As we see that the publisher follows a yellow open access model allowing to disclose the preprints but not the postprints, we choose to upload our preprint only. After that submission, we directly submit our manuscript to a peer-reviewed journal. Upon acceptance of the manuscript by that journal, we update our preprint with the DOI provided by the publisher, but do not submit the postprint, i.e, the post production version of the manuscript to comply with the copyright agreement. This preprint version is also the one we distribute among the community, e.g. via social media.
Since all root documents are text files (except for data/data_raw/messy_data1.xlsx) we can further put them under version control with Git. Through GitLab, we can make them easily accessible to others. This way, our project folder myproject/ can be seen as a replication package. Prior to disclosure, however, we check for parts in our data that need anonymisation to comply with the European data protection regulations (GDPR) as well as with the approval notification of the Institutional Review Board of our partners in the U.S.. We remove any data that might allow to trace observations back to individuals participating in the study.

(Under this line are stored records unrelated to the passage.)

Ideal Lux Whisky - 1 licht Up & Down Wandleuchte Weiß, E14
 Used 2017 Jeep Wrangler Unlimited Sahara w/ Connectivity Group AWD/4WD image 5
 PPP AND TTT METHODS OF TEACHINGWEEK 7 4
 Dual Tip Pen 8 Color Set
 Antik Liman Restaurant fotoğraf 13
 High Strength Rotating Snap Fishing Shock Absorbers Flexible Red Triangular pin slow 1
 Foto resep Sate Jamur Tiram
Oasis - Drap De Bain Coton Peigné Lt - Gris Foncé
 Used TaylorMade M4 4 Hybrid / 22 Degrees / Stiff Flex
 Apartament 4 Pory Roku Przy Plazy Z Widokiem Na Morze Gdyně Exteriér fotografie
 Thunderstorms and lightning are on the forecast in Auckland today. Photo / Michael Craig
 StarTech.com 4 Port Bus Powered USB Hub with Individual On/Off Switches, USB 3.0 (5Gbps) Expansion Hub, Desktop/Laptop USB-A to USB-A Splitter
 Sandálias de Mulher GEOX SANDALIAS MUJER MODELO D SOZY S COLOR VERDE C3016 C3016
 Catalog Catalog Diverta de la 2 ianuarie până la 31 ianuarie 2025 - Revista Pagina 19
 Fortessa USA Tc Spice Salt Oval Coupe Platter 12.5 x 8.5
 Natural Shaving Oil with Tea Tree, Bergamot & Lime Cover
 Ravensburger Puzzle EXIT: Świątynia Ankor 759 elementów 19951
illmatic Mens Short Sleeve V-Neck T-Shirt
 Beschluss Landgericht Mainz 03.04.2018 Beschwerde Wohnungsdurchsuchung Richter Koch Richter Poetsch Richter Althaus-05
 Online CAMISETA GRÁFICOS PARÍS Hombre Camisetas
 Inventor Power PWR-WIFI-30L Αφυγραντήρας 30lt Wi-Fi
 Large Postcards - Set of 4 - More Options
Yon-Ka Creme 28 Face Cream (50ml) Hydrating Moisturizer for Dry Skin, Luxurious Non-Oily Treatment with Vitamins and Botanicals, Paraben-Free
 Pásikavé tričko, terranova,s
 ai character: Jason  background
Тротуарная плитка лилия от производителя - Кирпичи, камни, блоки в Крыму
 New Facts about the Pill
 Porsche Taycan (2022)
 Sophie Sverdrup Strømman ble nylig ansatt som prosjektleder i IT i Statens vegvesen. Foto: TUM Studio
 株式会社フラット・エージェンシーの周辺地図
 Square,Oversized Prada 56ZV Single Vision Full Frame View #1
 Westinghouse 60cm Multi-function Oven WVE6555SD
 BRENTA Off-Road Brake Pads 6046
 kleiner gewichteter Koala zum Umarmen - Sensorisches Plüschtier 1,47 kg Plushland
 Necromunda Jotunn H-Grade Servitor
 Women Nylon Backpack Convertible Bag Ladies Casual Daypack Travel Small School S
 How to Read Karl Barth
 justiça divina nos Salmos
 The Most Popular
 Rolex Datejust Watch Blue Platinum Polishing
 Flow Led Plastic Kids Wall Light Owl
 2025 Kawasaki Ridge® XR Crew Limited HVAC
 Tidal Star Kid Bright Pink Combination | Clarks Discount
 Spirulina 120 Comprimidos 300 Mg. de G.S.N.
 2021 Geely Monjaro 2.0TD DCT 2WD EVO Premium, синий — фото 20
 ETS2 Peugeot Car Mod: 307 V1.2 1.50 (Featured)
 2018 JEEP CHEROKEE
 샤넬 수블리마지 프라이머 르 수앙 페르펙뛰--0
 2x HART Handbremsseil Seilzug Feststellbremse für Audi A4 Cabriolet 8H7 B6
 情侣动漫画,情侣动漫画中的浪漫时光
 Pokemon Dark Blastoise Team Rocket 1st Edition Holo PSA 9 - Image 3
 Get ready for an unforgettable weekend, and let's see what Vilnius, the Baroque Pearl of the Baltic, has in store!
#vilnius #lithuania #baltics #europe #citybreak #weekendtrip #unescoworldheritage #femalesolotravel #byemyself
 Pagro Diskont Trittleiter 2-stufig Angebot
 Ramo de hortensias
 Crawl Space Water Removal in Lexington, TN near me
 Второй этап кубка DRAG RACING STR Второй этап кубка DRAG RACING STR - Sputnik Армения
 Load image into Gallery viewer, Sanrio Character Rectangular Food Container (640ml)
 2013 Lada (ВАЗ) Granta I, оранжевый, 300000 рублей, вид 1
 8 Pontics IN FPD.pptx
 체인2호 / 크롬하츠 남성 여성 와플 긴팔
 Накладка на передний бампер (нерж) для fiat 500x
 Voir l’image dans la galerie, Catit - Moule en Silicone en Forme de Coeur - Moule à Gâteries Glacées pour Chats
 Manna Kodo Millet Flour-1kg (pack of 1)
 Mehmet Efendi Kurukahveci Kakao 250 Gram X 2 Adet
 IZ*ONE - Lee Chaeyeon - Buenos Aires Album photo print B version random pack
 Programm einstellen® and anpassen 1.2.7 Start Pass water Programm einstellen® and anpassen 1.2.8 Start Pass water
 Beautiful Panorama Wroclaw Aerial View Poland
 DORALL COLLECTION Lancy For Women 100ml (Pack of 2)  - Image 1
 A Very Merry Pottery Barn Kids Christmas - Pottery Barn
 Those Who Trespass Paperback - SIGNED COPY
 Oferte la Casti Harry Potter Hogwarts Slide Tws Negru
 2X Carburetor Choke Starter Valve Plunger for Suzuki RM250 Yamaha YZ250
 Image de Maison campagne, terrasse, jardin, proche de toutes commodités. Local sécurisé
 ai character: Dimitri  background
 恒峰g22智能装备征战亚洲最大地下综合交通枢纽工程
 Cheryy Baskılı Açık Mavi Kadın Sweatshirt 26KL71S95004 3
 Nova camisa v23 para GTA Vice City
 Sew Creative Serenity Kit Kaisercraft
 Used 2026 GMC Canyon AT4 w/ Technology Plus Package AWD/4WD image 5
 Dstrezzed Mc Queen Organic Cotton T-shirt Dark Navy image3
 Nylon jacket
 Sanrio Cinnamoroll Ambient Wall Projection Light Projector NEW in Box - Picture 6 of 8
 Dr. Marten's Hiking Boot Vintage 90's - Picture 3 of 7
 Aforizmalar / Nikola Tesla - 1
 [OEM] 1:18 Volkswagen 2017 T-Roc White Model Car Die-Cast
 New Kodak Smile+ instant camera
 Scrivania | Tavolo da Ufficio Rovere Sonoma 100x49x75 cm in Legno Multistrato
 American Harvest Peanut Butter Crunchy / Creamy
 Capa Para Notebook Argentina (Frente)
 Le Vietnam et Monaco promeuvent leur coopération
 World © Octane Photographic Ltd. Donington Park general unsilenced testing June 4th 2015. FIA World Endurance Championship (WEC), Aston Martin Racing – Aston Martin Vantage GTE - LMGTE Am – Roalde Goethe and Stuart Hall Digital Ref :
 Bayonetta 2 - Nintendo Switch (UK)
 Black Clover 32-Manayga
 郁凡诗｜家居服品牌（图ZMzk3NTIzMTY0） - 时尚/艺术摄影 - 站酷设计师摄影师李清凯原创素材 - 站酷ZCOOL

For our work to be reproducible in a long-term manner, we need to further document the versions of the software used. The virtual machine does that for us, but is not very portable. The option we follow is to use the version management system packrat in R ushey2018packrat .
We notice that our partners are very reluctant to share the data because of its sensitivity and because they fear misuse (e.g. when taken out of its context), thus, we would not be able to follow the FAIR principles (Sect. 2.2) as anticipated. It is, however, possible for us to convince our project partners to disclose the data when implementing some safeguards. To this end, we decide to disclose our data using the service platform Zenodo (https://zenodo.org) while choosing Restricted Access. Other researchers interested in accessing the data can first read the extensive meta data describing the content of the data and how it was produced. If they believe that the data would fit their scope of interest, they can apply for access and our previously established Data Use and Access Committee (DUAC), formed by us data owners and a member of the responsible ethics committee, so that we can decide whether to grant access to the data or not.
That very example, we hope, illustrates an open science-conform study analysis and reporting producing all artefacts relevant to an open science format adoptable to software engineering and including the disclosure of:
A study protocol submission and review prior to publication (preregistered study) 2. 2.
The replication package including all analysed data (open data) and all files, scripts, and codebooks necessary to comprehend the study (open materials) 3. 3.
A preprint (yellow open access)
Needless to say, the example is a simplified one neglecting some challenges we typically encounter in practice. In the following, we discuss those challenges in more detail.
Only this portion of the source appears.